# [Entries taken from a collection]
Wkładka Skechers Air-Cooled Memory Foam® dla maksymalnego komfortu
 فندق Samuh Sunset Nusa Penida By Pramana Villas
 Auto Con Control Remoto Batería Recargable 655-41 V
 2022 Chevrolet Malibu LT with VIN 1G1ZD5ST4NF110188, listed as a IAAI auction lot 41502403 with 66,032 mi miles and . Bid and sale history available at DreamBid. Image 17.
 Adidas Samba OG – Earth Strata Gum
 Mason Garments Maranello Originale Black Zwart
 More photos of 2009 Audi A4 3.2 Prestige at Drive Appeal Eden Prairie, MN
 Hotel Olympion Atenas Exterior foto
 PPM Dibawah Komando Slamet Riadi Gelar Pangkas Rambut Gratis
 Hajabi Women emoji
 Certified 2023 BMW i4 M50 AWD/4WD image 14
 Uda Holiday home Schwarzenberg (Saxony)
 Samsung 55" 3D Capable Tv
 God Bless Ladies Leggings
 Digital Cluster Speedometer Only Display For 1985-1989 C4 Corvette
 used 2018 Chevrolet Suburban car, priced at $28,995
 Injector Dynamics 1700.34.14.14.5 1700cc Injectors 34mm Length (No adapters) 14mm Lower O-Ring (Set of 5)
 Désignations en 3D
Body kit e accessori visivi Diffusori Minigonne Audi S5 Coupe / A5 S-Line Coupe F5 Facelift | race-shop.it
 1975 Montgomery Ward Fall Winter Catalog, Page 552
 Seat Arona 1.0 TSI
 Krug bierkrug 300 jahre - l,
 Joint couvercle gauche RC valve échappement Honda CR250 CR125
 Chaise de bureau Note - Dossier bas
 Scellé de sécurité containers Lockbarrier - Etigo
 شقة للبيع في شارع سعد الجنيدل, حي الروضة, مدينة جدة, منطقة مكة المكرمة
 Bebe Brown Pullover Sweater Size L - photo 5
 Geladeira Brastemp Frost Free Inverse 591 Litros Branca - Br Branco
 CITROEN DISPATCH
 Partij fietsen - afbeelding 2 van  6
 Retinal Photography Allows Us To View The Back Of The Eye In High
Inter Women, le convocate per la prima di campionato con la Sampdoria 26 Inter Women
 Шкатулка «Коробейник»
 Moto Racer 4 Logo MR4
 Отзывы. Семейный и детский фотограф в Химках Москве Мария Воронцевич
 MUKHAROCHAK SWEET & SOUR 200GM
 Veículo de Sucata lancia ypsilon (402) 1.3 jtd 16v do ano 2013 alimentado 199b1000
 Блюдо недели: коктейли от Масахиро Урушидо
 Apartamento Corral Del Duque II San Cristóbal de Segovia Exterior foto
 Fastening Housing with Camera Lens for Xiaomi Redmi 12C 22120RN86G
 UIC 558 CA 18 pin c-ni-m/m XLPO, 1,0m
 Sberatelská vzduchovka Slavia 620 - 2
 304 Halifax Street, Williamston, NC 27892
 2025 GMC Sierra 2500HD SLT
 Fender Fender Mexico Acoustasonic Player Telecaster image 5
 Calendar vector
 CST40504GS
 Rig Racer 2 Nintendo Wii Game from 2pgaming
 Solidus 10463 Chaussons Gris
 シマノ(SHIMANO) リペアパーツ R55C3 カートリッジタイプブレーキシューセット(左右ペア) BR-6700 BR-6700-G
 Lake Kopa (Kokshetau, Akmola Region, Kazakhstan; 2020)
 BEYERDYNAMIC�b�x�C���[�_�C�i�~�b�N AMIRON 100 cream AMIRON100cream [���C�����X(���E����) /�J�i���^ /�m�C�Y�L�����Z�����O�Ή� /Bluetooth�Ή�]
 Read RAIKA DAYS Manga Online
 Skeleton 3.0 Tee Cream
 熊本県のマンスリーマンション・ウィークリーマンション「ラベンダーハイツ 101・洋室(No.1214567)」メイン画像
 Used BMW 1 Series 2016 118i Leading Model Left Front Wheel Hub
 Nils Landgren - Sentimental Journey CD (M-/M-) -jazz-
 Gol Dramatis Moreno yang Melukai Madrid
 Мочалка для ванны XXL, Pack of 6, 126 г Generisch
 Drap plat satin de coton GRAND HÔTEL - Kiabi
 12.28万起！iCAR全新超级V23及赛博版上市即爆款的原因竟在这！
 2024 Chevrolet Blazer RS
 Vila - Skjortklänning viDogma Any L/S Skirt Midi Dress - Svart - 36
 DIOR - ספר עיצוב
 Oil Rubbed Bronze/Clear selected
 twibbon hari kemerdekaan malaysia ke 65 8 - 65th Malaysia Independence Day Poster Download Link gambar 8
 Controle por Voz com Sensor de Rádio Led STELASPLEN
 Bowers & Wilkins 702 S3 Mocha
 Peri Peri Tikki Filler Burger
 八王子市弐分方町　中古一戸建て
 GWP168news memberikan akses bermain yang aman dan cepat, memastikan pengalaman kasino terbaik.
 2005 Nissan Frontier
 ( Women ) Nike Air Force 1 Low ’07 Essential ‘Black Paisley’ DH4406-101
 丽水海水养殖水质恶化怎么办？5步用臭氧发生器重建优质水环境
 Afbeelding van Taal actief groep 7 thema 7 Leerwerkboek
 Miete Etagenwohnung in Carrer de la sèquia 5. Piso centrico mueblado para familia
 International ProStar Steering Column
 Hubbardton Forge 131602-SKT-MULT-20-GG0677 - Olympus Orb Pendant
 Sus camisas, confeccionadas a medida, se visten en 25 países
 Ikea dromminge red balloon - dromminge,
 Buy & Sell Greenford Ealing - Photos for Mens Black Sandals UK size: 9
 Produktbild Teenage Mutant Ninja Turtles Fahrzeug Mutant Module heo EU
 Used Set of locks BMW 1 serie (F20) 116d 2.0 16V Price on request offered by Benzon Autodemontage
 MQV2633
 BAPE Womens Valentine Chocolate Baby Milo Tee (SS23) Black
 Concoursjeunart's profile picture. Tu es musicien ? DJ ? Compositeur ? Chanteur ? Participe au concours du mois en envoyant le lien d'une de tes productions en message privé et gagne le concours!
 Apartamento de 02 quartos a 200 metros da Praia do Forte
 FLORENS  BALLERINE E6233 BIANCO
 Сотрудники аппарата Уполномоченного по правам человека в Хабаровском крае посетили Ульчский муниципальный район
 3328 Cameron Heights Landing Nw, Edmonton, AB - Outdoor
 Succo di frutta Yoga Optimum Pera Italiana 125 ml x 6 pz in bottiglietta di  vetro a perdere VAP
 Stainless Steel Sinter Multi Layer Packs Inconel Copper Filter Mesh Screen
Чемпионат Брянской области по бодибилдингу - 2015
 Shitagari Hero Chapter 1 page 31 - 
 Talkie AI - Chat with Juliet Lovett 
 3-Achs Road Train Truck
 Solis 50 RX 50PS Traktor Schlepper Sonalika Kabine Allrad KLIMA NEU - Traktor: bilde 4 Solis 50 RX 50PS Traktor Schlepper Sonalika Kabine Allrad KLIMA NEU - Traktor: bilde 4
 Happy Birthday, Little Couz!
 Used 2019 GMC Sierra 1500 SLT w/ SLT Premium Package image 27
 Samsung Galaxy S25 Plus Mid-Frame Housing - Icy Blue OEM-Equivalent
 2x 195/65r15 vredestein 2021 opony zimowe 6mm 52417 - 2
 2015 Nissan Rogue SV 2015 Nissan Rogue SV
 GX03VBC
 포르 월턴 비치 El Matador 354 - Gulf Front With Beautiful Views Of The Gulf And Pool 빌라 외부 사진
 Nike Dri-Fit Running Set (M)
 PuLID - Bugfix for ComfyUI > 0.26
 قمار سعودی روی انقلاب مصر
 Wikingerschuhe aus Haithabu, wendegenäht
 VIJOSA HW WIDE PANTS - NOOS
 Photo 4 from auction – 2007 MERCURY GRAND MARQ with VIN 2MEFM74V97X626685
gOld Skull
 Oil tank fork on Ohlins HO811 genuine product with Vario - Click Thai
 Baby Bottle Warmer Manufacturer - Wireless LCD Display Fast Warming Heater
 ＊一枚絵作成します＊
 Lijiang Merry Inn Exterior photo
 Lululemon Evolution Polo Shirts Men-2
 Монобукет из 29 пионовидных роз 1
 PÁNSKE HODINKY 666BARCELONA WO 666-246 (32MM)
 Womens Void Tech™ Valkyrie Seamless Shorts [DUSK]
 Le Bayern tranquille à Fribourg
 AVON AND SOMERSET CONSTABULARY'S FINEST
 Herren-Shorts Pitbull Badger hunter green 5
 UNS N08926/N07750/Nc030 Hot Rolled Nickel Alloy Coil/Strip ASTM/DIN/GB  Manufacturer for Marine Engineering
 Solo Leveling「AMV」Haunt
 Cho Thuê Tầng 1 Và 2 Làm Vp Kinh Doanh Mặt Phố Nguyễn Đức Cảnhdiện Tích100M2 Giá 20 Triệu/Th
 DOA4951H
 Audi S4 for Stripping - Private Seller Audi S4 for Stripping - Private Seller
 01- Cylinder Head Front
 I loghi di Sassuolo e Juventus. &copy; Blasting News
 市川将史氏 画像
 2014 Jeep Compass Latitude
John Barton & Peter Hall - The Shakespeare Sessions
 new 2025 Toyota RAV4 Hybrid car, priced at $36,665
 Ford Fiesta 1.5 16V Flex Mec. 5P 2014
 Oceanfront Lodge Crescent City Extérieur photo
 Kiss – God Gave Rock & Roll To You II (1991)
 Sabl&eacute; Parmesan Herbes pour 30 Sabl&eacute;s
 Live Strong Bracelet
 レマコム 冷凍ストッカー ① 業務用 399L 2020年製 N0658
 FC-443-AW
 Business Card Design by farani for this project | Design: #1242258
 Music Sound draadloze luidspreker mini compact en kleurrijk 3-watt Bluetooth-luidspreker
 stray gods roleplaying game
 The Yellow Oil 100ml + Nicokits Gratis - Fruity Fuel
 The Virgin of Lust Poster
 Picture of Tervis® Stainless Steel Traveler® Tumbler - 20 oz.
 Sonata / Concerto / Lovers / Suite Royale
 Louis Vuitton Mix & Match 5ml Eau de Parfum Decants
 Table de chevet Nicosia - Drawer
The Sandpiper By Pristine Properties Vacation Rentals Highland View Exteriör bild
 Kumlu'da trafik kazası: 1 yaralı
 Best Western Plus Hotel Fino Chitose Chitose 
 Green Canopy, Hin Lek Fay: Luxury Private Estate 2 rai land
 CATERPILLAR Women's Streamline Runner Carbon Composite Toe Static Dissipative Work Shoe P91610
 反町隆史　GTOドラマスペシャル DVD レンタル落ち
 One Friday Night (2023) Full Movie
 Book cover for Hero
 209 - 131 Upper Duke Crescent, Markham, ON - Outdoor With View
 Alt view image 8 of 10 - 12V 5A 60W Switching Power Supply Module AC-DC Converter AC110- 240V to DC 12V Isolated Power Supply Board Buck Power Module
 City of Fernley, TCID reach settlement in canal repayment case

# [Task details]
From the records above, copy out the line with "UNS N08926/N07750/Nc030 Hot", the line with "Alt view image", and every line between them, word for word.

# [Output of the task]
 UNS N08926/N07750/Nc030 Hot Rolled Nickel Alloy Coil/Strip ASTM/DIN/GB  Manufacturer for Marine Engineering
 Solo Leveling「AMV」Haunt
 Cho Thuê Tầng 1 Và 2 Làm Vp Kinh Doanh Mặt Phố Nguyễn Đức Cảnhdiện Tích100M2 Giá 20 Triệu/Th
 DOA4951H
 Audi S4 for Stripping - Private Seller Audi S4 for Stripping - Private Seller
 01- Cylinder Head Front
 I loghi di Sassuolo e Juventus. &copy; Blasting News
 市川将史氏 画像
 2014 Jeep Compass Latitude
John Barton & Peter Hall - The Shakespeare Sessions
 new 2025 Toyota RAV4 Hybrid car, priced at $36,665
 Ford Fiesta 1.5 16V Flex Mec. 5P 2014
 Oceanfront Lodge Crescent City Extérieur photo
 Kiss – God Gave Rock & Roll To You II (1991)
 Sabl&eacute; Parmesan Herbes pour 30 Sabl&eacute;s
 Live Strong Bracelet
 レマコム 冷凍ストッカー ① 業務用 399L 2020年製 N0658
 FC-443-AW
 Business Card Design by farani for this project | Design: #1242258
 Music Sound draadloze luidspreker mini compact en kleurrijk 3-watt Bluetooth-luidspreker
 stray gods roleplaying game
 The Yellow Oil 100ml + Nicokits Gratis - Fruity Fuel
 The Virgin of Lust Poster
 Picture of Tervis® Stainless Steel Traveler® Tumbler - 20 oz.
 Sonata / Concerto / Lovers / Suite Royale
 Louis Vuitton Mix & Match 5ml Eau de Parfum Decants
 Table de chevet Nicosia - Drawer
The Sandpiper By Pristine Properties Vacation Rentals Highland View Exteriör bild
 Kumlu'da trafik kazası: 1 yaralı
 Best Western Plus Hotel Fino Chitose Chitose 
 Green Canopy, Hin Lek Fay: Luxury Private Estate 2 rai land
 CATERPILLAR Women's Streamline Runner Carbon Composite Toe Static Dissipative Work Shoe P91610
 反町隆史　GTOドラマスペシャル DVD レンタル落ち
 One Friday Night (2023) Full Movie
 Book cover for Hero
 209 - 131 Upper Duke Crescent, Markham, ON - Outdoor With View
 Alt view image 8 of 10 - 12V 5A 60W Switching Power Supply Module AC-DC Converter AC110- 240V to DC 12V Isolated Power Supply Board Buck Power Module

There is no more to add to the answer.